A oeste, dois irmãos de pedra observam os amantes caminhando sobre as águas; e ao norte, as araras projetam o bico no espelho do cerrado. Mais a sudeste, resiste o oásis de árvores à secura do deserto urbano. Contudo, no ventre árido do sertão, o vaidoso mandacaru nunca arreda, exibe sem um pingo de vergonha sua bela flor.
Descemos até o portal da cidade. Aceitamos o convite para provar de suas águas. E adiante, angras ameaçam qualquer barca que não seja humilde o suficiente para navegar entre suas presas.
Ainda nas cercanias da costa, subimos ao museu, cuja altitude nos afasta o esquecimento. Em sumo acordo, os pequenos olhos do cacique emitem um distante brilho. O seu silêncio guarda a memória de nossa origem. Não muito longe, ainda resiste a ruína serrana tombada, indício de que o mundo todo cai, se aparta a beleza, mas a voz de uma cachoeira ensina que a natureza nos espera nua, de seio aberto.
Contra o mar e os peixes, três homens lutam tendo apenas por testemunha o crepúsculo. Enquanto a tarde vermelha se oculta, sempre à espreita, uma onça avança na mata.

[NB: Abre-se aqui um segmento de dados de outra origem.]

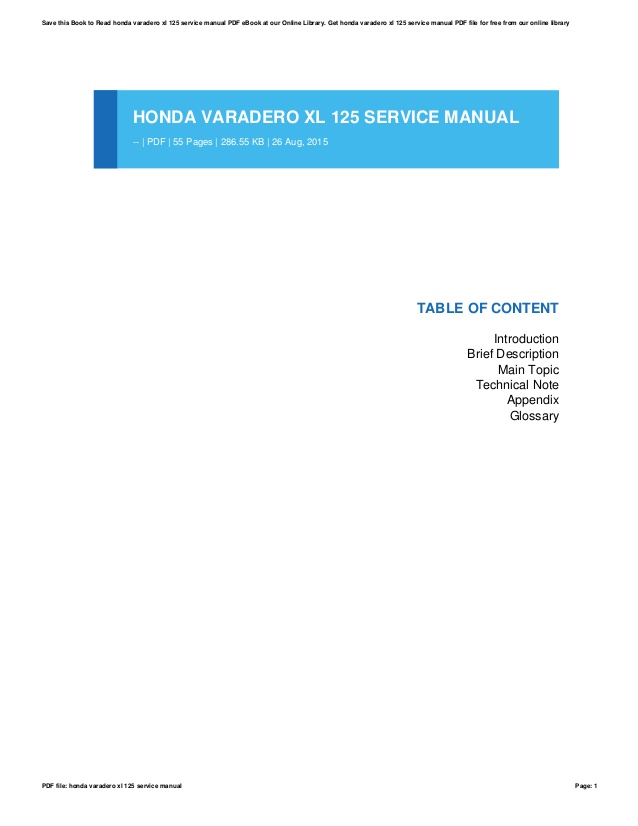 Honda Xl 125 Service Manual Pdf
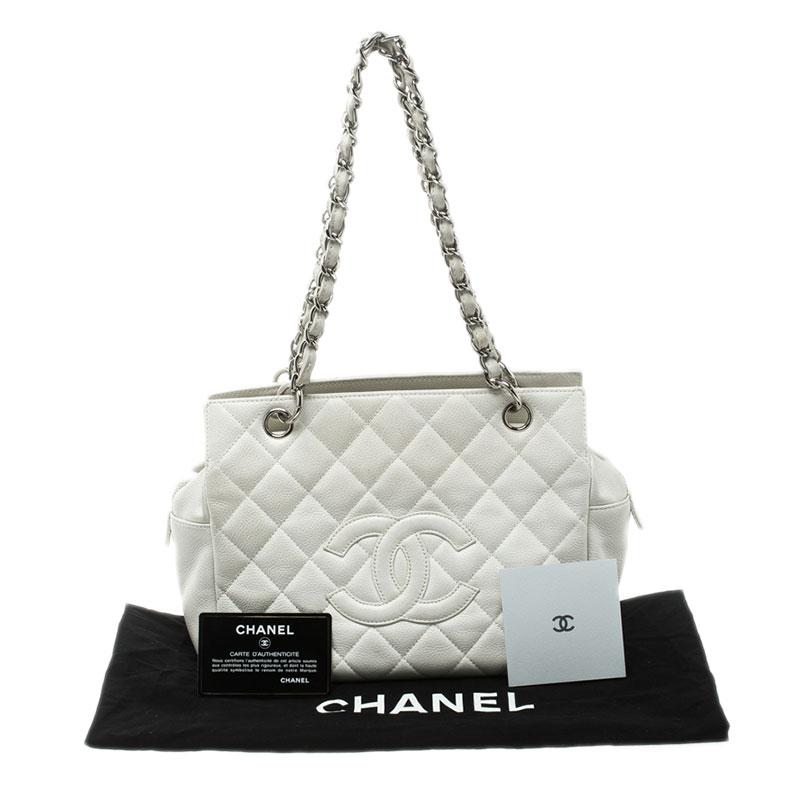 Chanel White Quilted Caviar Leather Petite Timeless Shopper Tote 4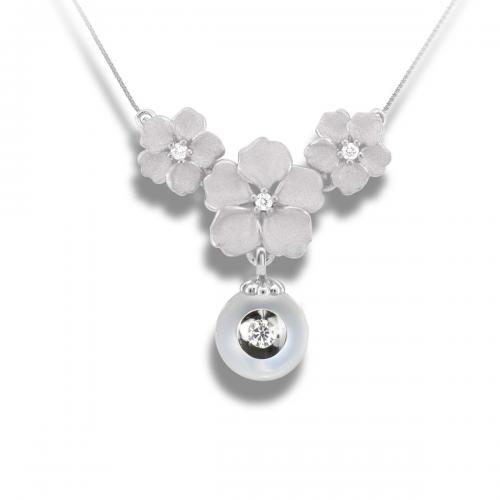 Diamond in a Pearl Pendant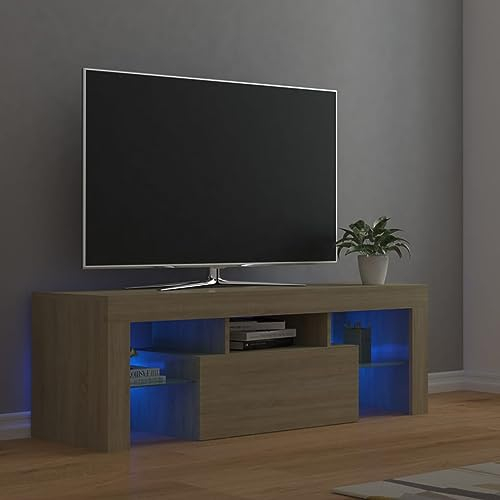 SECOLI TV Schrank led 120cm TV Lowboard mit LED TV Board LED Lowboard TV Schrank Fernsehschrank fernsehtisch tv Cabinet tv Bank TV möbel-Sonoma Eiche-120x35x40 cm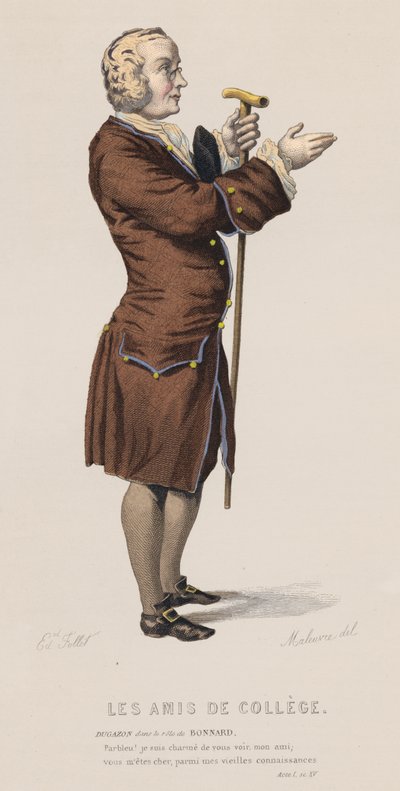 Les Amis De College, Act I, Sc XV (barevná rytina) od French School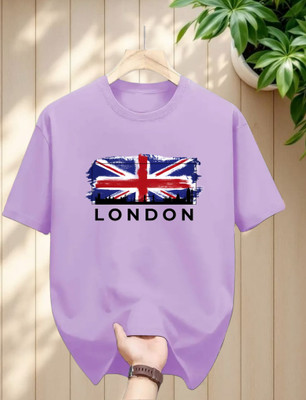 magento Printed Men Round Neck Purple T-Shirt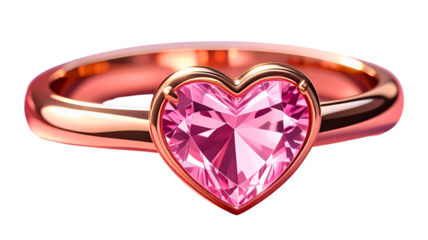 Rose gold ring featuring a heart-shaped pink gemstone for love expression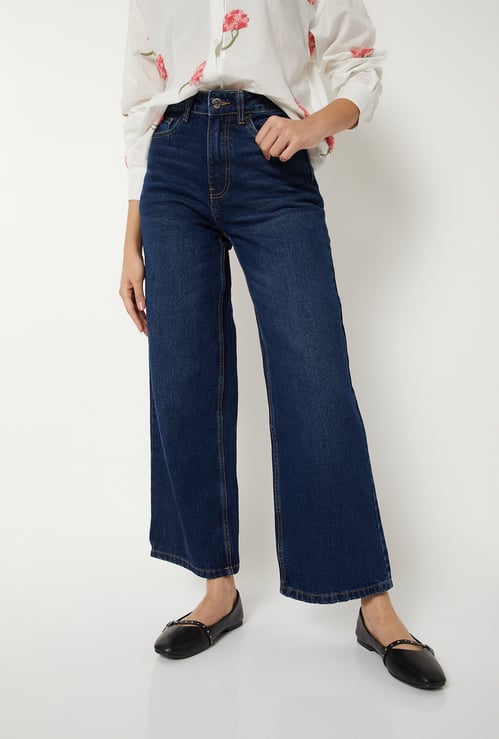 Women Washed Wide Leg Jeans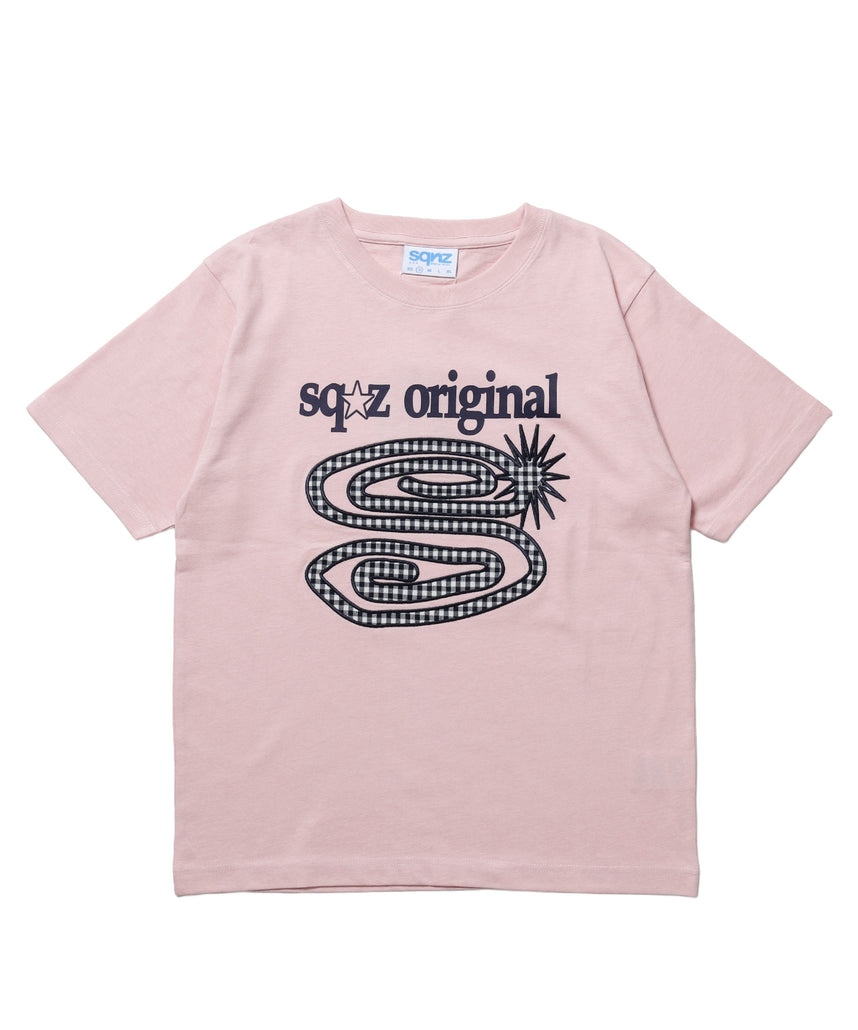 ※WEB限定 / ぐるぐるワッペン半袖Tシャツ / sqnz guru-guru patchwork tee ライトピンク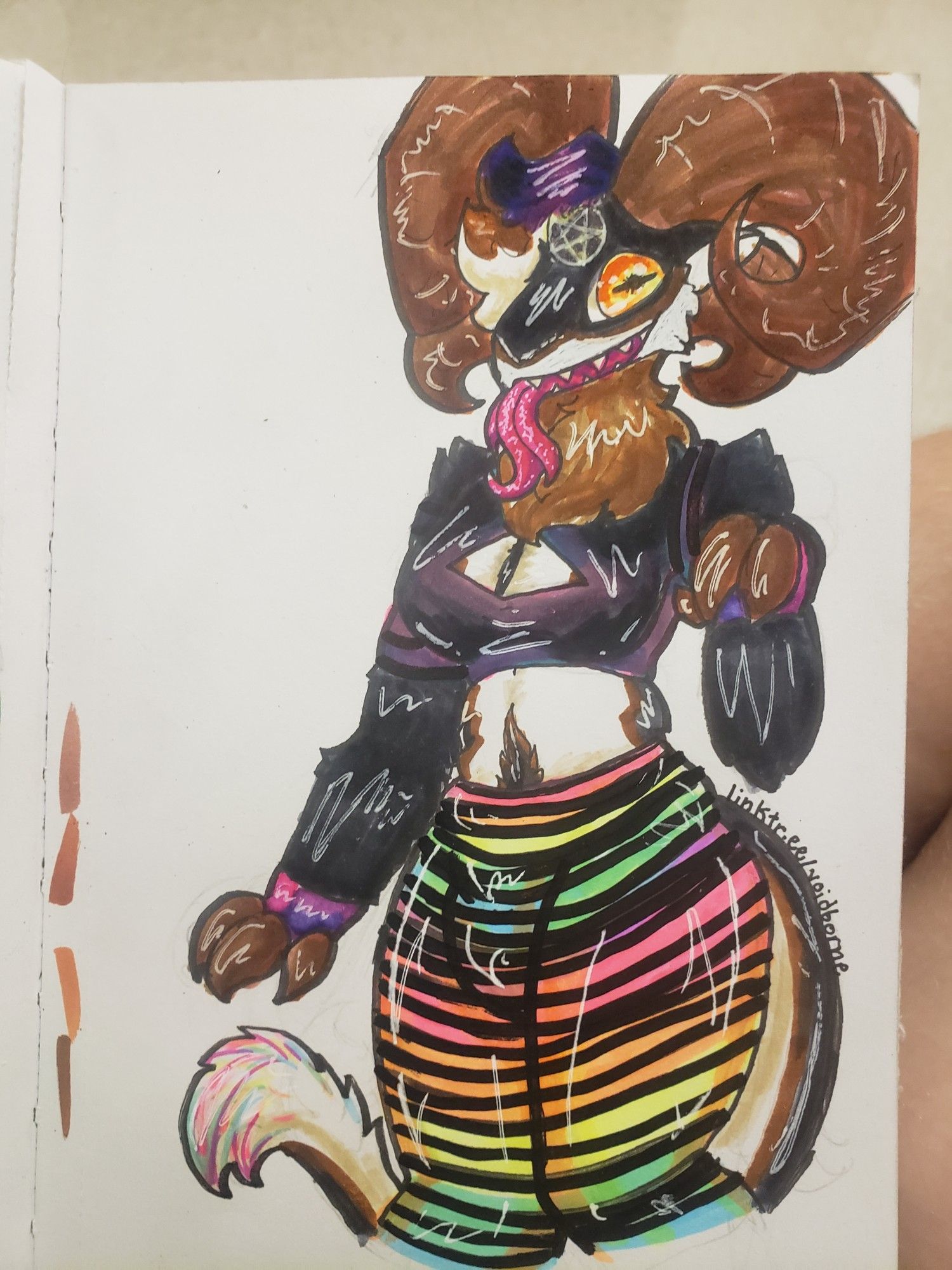 Black goat with bigass curly horns, a long tail with extra fluff at the end, a cream underbelly bordered by brown, purple hair, bright orange-yellow eyes, and 3 bright pink tongues. They wear a black and purple diamond-keyhole crop to,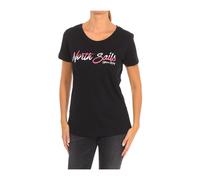 North Sails, ,Tops ,Donna ,Nero ,S T-shirt a Maniche Corte con Scollo a Costine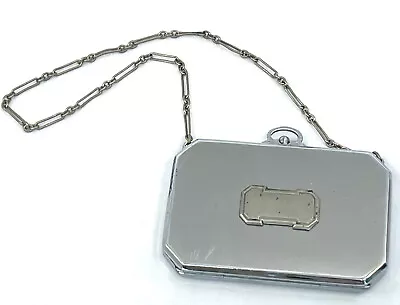 Elgin American EAM 1920s Dance Duo Compact With Wristlet Chain Powder Rouge Vtg • $50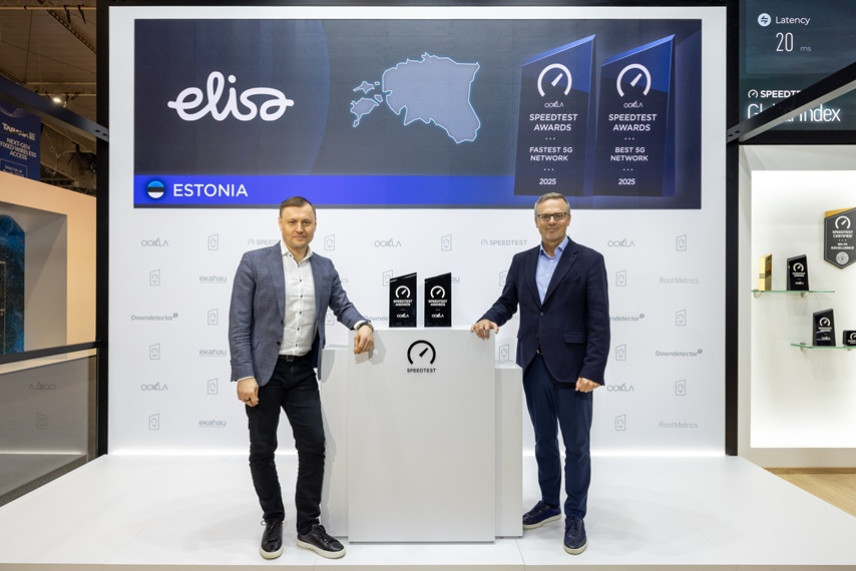 Elisa võttis vastu MWC-l Ookla Speedtest auhinnad Eesti kiireima ja parima 5G võrgu eest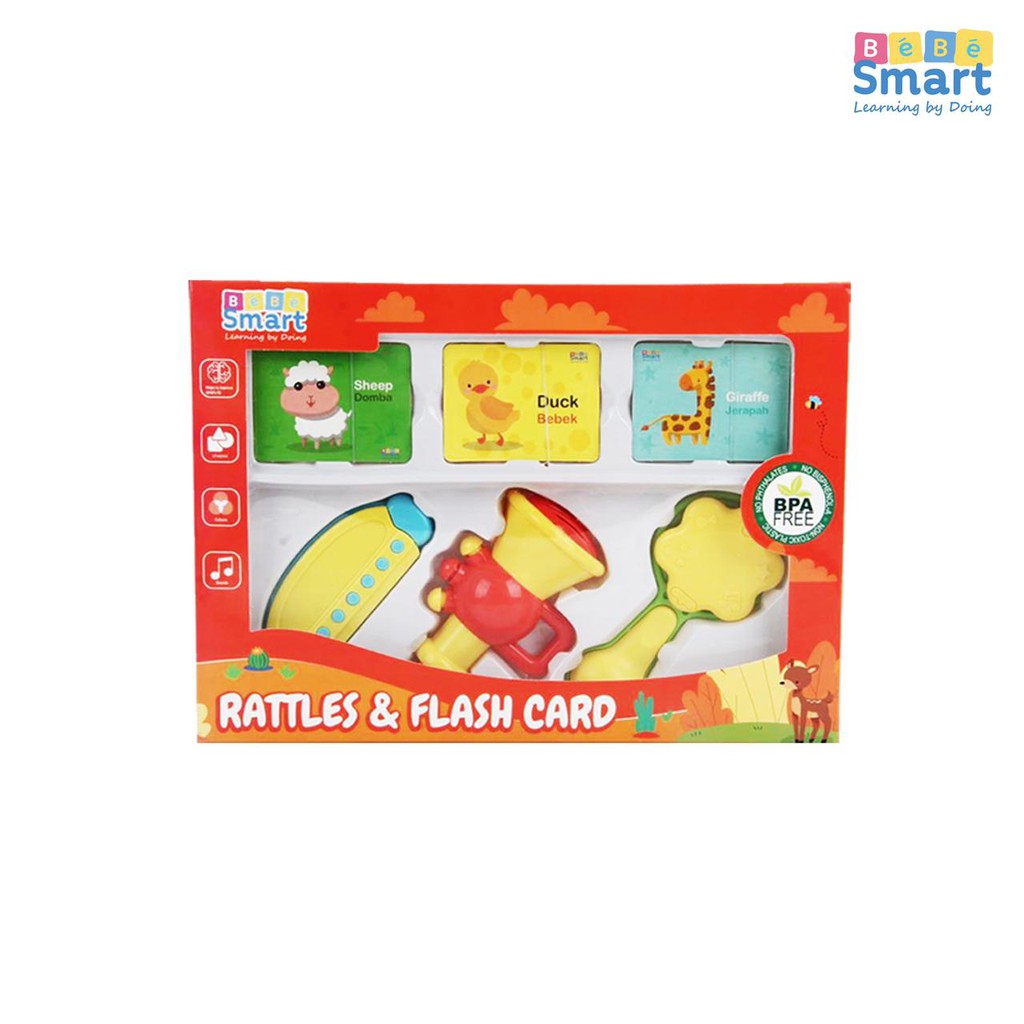 Bebe Smart Baby Rattles &amp; Flash Card Set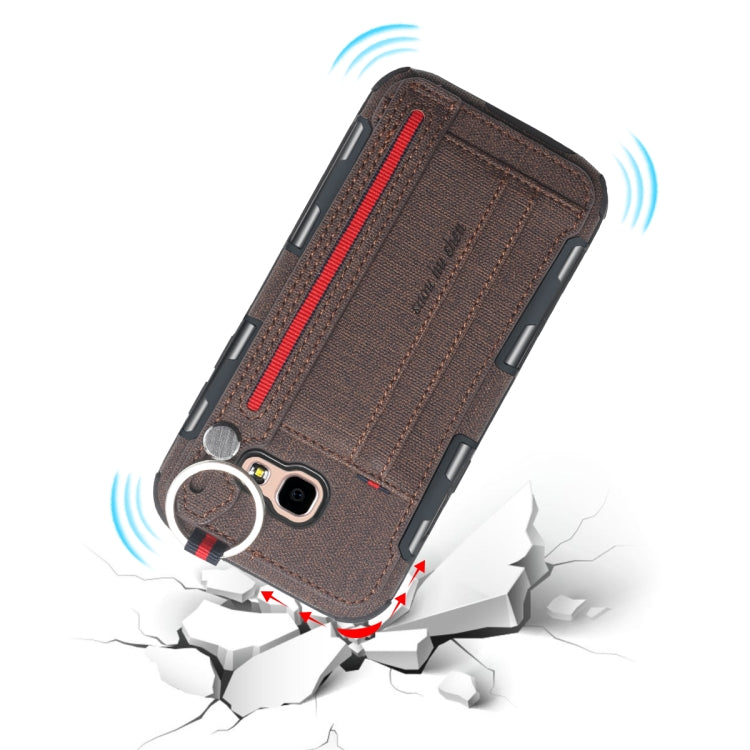For Galaxy A5 (2017) Cloth Texture + TPU Shockproof Protective Case with Metal Ring & Holder & Card Slots & Hanging Strap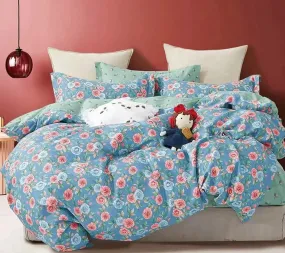 Floral Harmony 100% Cotton Reversible Comforter Set in Tranquil Blue/Blushing Rose Design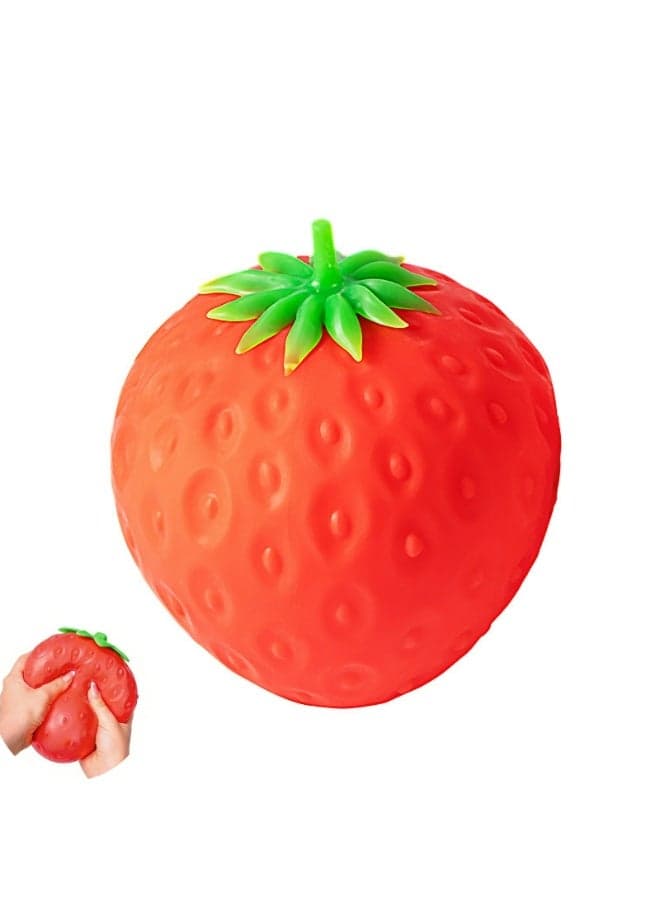 Giant Strawberry Squeeze Ball, Cute Soft Fruit Fidget Toy, Stress Relief Sensory Squishy for Kids u0026 Adults, Office Desk Toy, Perfect Party Gift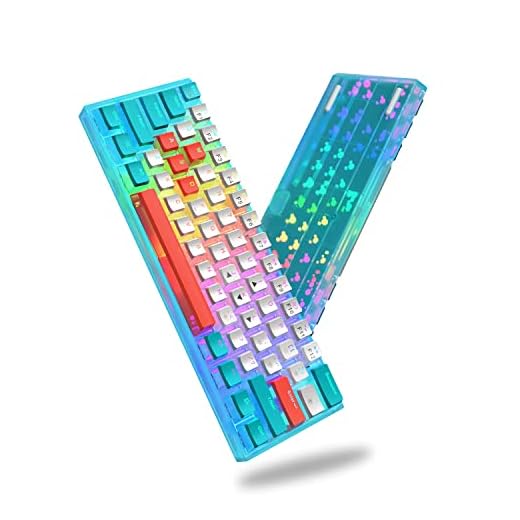 Womier WK61 60% Percent Mechanical Keyboard, Hot-Swappable Ultra-Compact RGB Gaming Keyboard w/Pudding Keycaps, Linear Red Switch, Pro Driver/Software Supported (Tiffany Color)
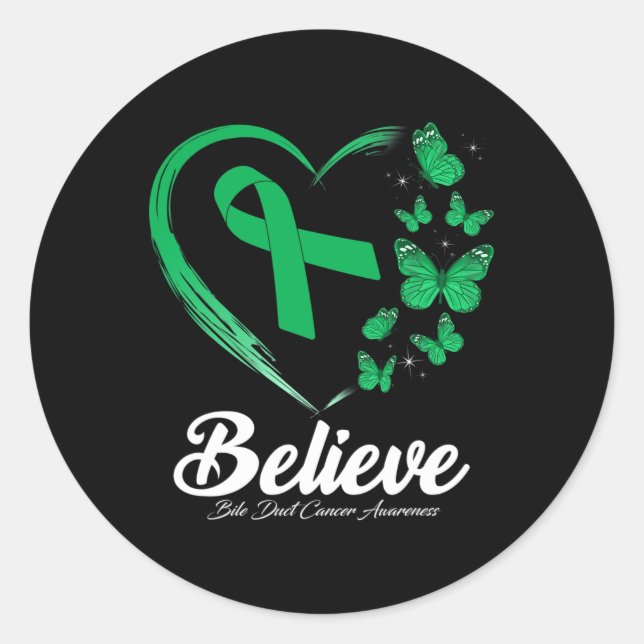 Bile Duct Cancer Awareness Butterfly Herzkrieger Runder Aufkleber (Vorderseite)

Sabemos que a luz que cinge o céu é semelhante em todas as paisagens, entretanto, o modo como descortina a verdura do Jardim Botânico revela sua face mais atrevida; diluindo-se, em seguida, lá do alto da Guanabara. Não se sabe de onde vem ou para onde vai, mas é notável o modo que ilumina as ilhas pontilhando a costa; e mais avante, do outro lado do estado, se espraia sobre uma igrejinha cravada na rocha. Subindo o mirante baiano, vários degraus acima do chão, não há nada além de mar, por qual a cintilância se vai perdendo no horizonte.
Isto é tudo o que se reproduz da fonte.